First things first, you need to know what growing zone you are. Check out this chart published by the USDA that shows your plant hardiness zone. This is particularly important to know when you can start planting. In the Southwest they are out in the gardens at the beginning of February whereas most of the US is still under two feet of snow. For those that live in Zones 3-6, a good rule of thumb is don’t plant outdoors until Mother’s Day. If you live in an area where the last frost date has past, get on out there and get the soil ready.
The success of a garden is in the soil. If you are sitting atop caliche you will either need to amend it or grow on top of it in raised beds. Whether your soil is alkaline or acidic, compost and earthworm castings can do wonders to changing the soil’s composition for the better. These additives not only enhance the soil but are also awesome fertilizers for the plants. Every time you put new plants into your garden add more compost. Every time, trust me.
One thing to remember when you are transplanting your plants into your garden is how deep and wide to dig the hole for the root ball. Roots go outwards along the horizon, only the tap root heads downward. Make the hole as deep as the root ball and no more. Gently spread the roots outwards so that the plant stabilizes quickly.
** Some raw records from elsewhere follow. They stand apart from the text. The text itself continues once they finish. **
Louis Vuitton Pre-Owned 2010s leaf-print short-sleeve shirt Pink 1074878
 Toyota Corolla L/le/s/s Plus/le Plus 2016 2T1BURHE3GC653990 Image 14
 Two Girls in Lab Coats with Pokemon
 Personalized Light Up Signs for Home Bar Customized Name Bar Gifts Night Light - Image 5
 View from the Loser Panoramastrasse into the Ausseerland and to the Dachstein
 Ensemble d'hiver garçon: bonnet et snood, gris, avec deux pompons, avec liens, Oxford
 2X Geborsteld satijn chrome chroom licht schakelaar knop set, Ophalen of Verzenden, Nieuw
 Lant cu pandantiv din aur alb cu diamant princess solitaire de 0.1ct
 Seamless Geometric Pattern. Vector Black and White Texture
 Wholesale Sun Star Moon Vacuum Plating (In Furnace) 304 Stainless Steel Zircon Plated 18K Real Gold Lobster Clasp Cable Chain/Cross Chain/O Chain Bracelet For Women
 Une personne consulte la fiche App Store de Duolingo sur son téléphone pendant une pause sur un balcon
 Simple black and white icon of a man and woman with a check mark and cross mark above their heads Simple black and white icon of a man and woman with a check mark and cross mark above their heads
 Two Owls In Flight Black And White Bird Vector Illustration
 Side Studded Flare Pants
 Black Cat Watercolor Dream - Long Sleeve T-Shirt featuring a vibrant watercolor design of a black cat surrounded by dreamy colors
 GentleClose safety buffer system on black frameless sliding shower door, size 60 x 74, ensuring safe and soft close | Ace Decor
Watering the garden sometimes seems to be closer to rocket science. If you live in an area where you have had a lot of snow then the soil tends to retain the moisture and can provide what the plant needs. In these areas you might just need to water when the temps get a bit high. But if you are from an area where it is more on the dry side, you must learn how to measure water or you will either drown your plant or it will dehydrate quickly. If growing in a container water until you see the water coming out of the drainage holes. Let the water sink in and then water again. If you are planting directly into the soil grab a pole and insert it next to the plant. When you pull it out you can tell how far down the water reached by the soil sticking to it. You need at least 4 inches of water depth to reach the roots. Best rule is to water long and slow rather than fast and shallow.
Following these easy steps will help to ensure that when you plant your garden, your thumb will start to turn a slight tinge of green.